The early Cambrian fossil assemblages of the Flinders Ranges carbonate successions provide a completely different window into early Cambrian life on a warm, tropical, shallow marine environment over a 30 million year interval, thus complementing the remarkable soft-bodied fossils of Early and Middle Cambrian animal life in the younger, deeper water non-carbonate settings of the Chengjiang Fossil Site World Heritage property (South China) and the Burgess Shale fossil site within the Canadian Rocky Mountain Parks World Heritage property.
End of the Adelaide Rift Complex: Tectonic forces of the “Delamerian Orogeny”, a mountain-building event in the middle to late Cambrian (about 500 million years ago), ended deposition within the Adelaide Rift Complex and produced the spectacular folded strata of the Flinders Ranges. Rejuvenation of the Adelaide Rift Complex in the Cenozoic (from about 65 million years ago) along north-south faults produced the landscape we see today, including erosion and exposure of the basement rocks and the readily accessible 350 million year old geological sequences.

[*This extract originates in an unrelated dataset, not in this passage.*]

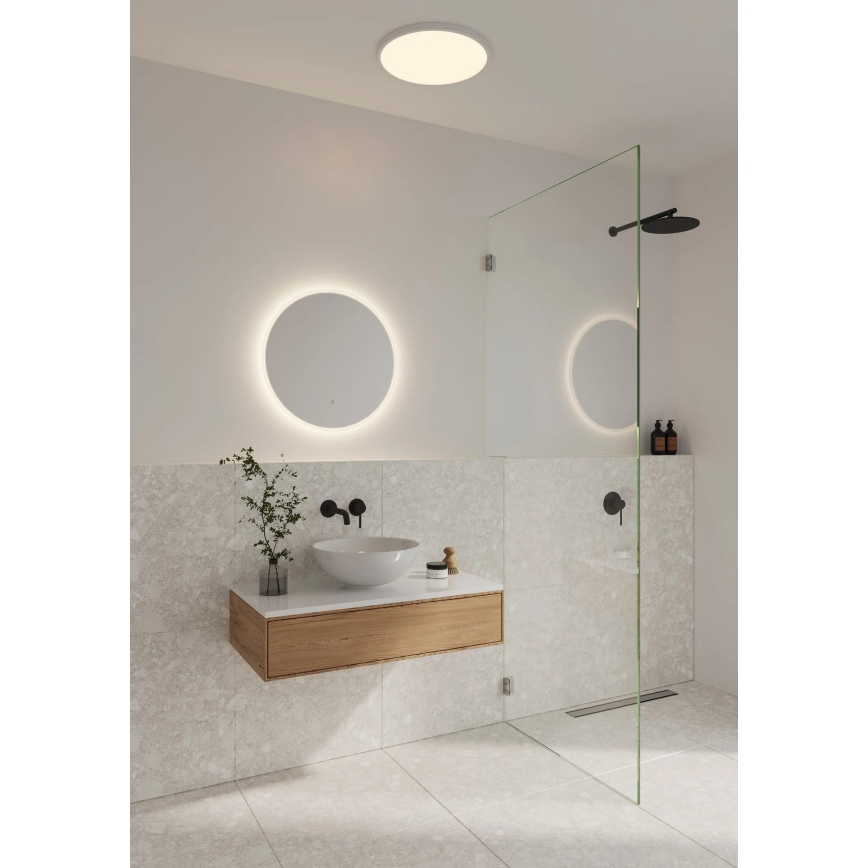 Nordlux — зеркало для ванной с LED-подсветкой DOVINA, 20 Вт, 230 В, нейтральный свет 4000 К, Ø 60 см, степень защиты IP44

Governance and strategic planning: Four of the component parts are existing protected areas: the Arkaroola Protection Area (protected by the South Australian Arkaroola Protection Act 2012; refer Irving, 2012); Ikara-Flinders Ranges National Park; Vulkathunha-Gammon Ranges National Park; and Ediacara Conservation Park (protected by the South Australian National Parks and Wildlife Act 1972). The Ediacara Fossil Site at Nilpena will become a new National Park in 2021. One component part, Ajax Hill, is a State Heritage Place (protected by the South Australian Heritage Places Act 1993) located on part of the Puttapa pastoral property. The remaining two component parts are located on parts of pastoral properties at Maynards Well and Angorichina; management of existing protected areas is effective to conserve their values. The three component parts on Angorichina, Manyards Well and Puttapa pastoral leases are managed under the South Australian Pastoral Land Management and Conservation Act 1989, and there will be formal conservation agreements put in place for those leases.

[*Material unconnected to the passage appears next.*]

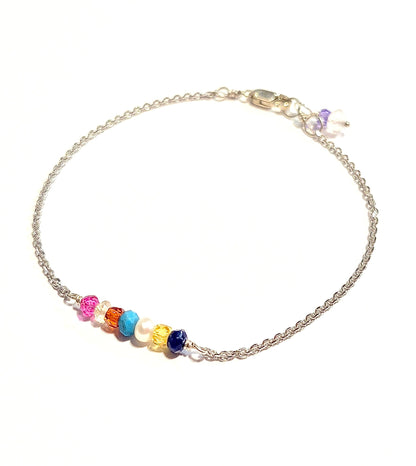 Pregnancy Stones bracelet with Swarovski Clasp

Subject to further discussion and agreement, management of the proposed serial World Heritage property will be at two levels. First, a strategic plan will be developed and implemented by a future governance body responsible for coordinating management for the entire World Heritage property. The governance body will be made up of Adnyamathanha Traditional Owners, representative component part managers, and other regional and state representatives. The strategic plan will include planning guidance from individual detailed component part management plans. This planning work will be undertaken as part of the nomination process and prior to any on-ground technical evaluation of the nomination. This strategic plan is expected to coordinate government and private sector investments for matters such as the protection of the values, scientific research, visitor access, infrastructure, collaboration and partnerships, and presentation information. The strategic plan will trigger a number of more detailed policy and/or management documents on subjects such as tourism that necessarily involve a range of stakeholders in addition to the membership of the property’s governance body. Secondly, as management will be undertaken at the property level, each component part will also have specific management plans to guide the protection and management of their values.
Adnyamathanha Traditional Owners: The proposed serial World Heritage property is entirely located within the traditional lands of the Adnyamathanha People, who are the recognised native title holders under Australia’s Native Title Act 1993. The Australian and South Australian governments are both committed to consultation and cooperation with the Adnyamathanha People on this World Heritage proposal, and will not submit the nomination until free, prior and informed consent has been obtained. The Adnyamathanha People have an intricate and spiritual relationship with the land, plants, animals and Awi Urtu (ephemeral streams and waterholes) of the Flinders Ranges. This relationship is called Yura Muda (Adnyamathanha belief of creation). The cultural beliefs and practices of the Adnyamathanha People associated with birth, death, ceremonies, social interaction, hunting, harvesting, camping and travelling all derive from Yura Muda. There are also many features of the landscape as well as archaeological, spiritual and cultural sites that are linked to Yura Muda and are very important to Adnyamathanha People (DEW, 2017).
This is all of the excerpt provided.